Terá a América a coragem de repensar o Governo e o seu lugar no mundo? Este seria sim o fim de uma época e o início de uma nova era.

Se o planeta fosse um país, as eleições na América seriam o momento planetário da democracia global. Mas apesar da atenção e do fascínio planetários, a América vota fechada sobre si mesma e vota como se os limites do planeta civilizado coincidissem com as fronteiras da América. A nação indispensável é afinal o território da suprema soberania.

Se o mundo conseguir organizar-se em torno do soberano supremo, eis a contribuição do planeta América para a prosperidade global. Se a constelação de estados soberanos dependentes não consegue entender sequer o sentido e a direcção do Destino Manifesto, então a América assume a sua natureza política única, exclusiva, superior, gloriosa. O Império que não quer ser um Império não quer ser outra coisa senão a luz do progresso num mundo das trevas. Mesmo que as trevas sejam parte integrante de uma América profunda, rural, miserável, pobre em cada condado, uma América que viaja nos vapores do Fentanil e que sonha com McDonald’s a 1 dólar. Sob a atenção do mundo, a América vota sozinha de acordo com o interesse próprio bem ou mal dirigido. Convém relembrar que os americanos são de Marte.
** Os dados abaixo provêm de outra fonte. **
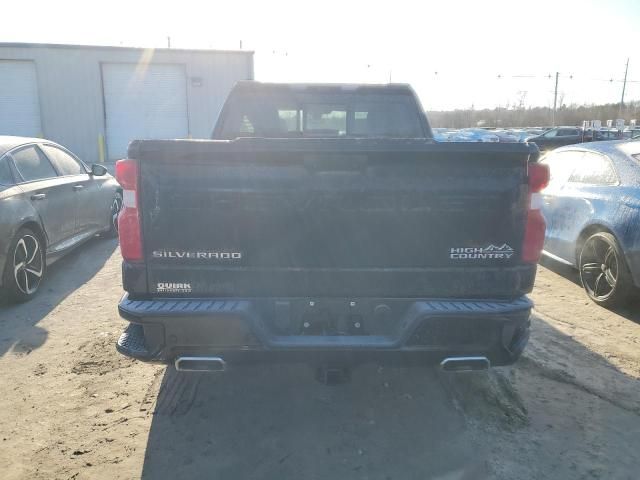 2022 Chevrolet Silverado LTD K1500 High Country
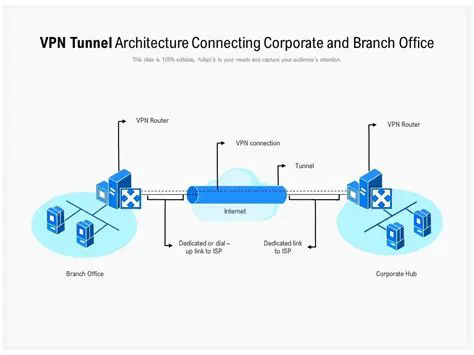 Multiple VPN Tunnel Topologies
Podem encontrar-se mil justificações para a vitória de Trump. Podem encontrar-se mil justificações para a derrota de Harris. Mas o que está em causa não é o episódio burlesco que marca a sondagem do dia. Uma correlação não implica uma causalidade. E as causas da América são demasiado voláteis e volúveis para se adivinharem em modelos estatísticos tendenciosos. Para além do facto dos americanos mentirem às sondagens. A realidade da América é uma longa e silenciosa acumulação de transformações invisíveis do exterior, mas persistentes no tempo da sociedade e da política até explodirem num resultado eleitoral surpreendente mas inscrito na fábrica da nação. Algo se passa na América quando uma loja de conveniência só vende o Washington Post, vários jornais locais em língua espanhola e subitamente a Hola!

A América de hoje não é a degradação do liberalismo, não é a ascensão do populismo, não é o delírio de uma cultura woke, não é a pulsão isolacionista nem a tentação internacionalista, não é o espectro da imigração, não é o unilateralismo nem o multilateralismo. A América é uma máquina cultural de criar mitos e sonhos. E os mitos e sonhos são o maior património da nação excepcional que se contempla ao espelho como o habitat natural das oportunidades. A América é a terra dos bravos e a terra dos livres. A América é a terra onde as porn stars têm nomes que parecem nomes de motéis nas grandes circulares de Los Angeles. A América é o território de uma cintura em que a Bíblia é a estrada para a vida. A América é a zona onde só cresce a ferrugem de uma era industrial passada e recordada com nostalgia e alcoolismo. A América é o colarinho azul na elegia de um hillbilly. A América é uma Babel complexa em que tudo e o seu contrário convivem num deserto do Arizona ou na 5ª Avenida de New York. A América é uma Disney Land onde tudo é possível até ao limite do impossível.

Os americanos votaram numa certa ideia da América – uma América recuperada na sua planetária dimensão industrial, maioritariamente próspera, exclusivamente dominante na cena internacional como garantia para a prosperidade nacional. A América não se vai retirar do mundo – a marinha continuará a navegar em oceano aberto, os F35 continuarão a riscar os céus com as nuvens de um jacto a marcar a presença americana. A “nova ordem dos séculos” servirá agora o interesse particular dos americanos, onde a liberdade individual de uma oligarquia interna surge estranhamente associada a uma estranha luta de classes. O Presidente Trump é agora o rosto do “white trash” e do magnata de Silicon Valley. A nova era na América será a de uma nação que se confunde com uma multinacional em busca da maximização do lucro por todos os meios possíveis e imaginários.

Sobra uma questão incómoda. Qual a atitude da nova Administração face à sacralidade da Constituição? Se o Presidente Trump desejar de facto inscrever o seu nome na História da América, concretizando o tal “realinhamento histórico do senso comum”, tal implica a coragem de evocar o Artigo 5 da Constituição e solicitar o convénio de uma Convenção Constitucional. Os Pais Fundadores não trataram a Constituição como um documento político perfeito nem definitivo.

Thomas Jefferson defendia a realização de uma Convenção Constitucional uma vez em cada geração. Para os defensores da América eterna, esta hipótese, embora democrática, é vista precisamente como uma certa morte do sonho americano. A América está hoje confrontada com a fúria de toda uma classe que se viu e que se vê privada de uma vida decente. Não são necessários poderes proféticos para afirmar que a apatia não será eterna. A alternativa será certamente a gestão do declínio ou uma certa anarquia. Terá a América a coragem de repensar o Governo e o seu lugar no mundo? Este seria sim o fim de uma época e o início de uma nova era.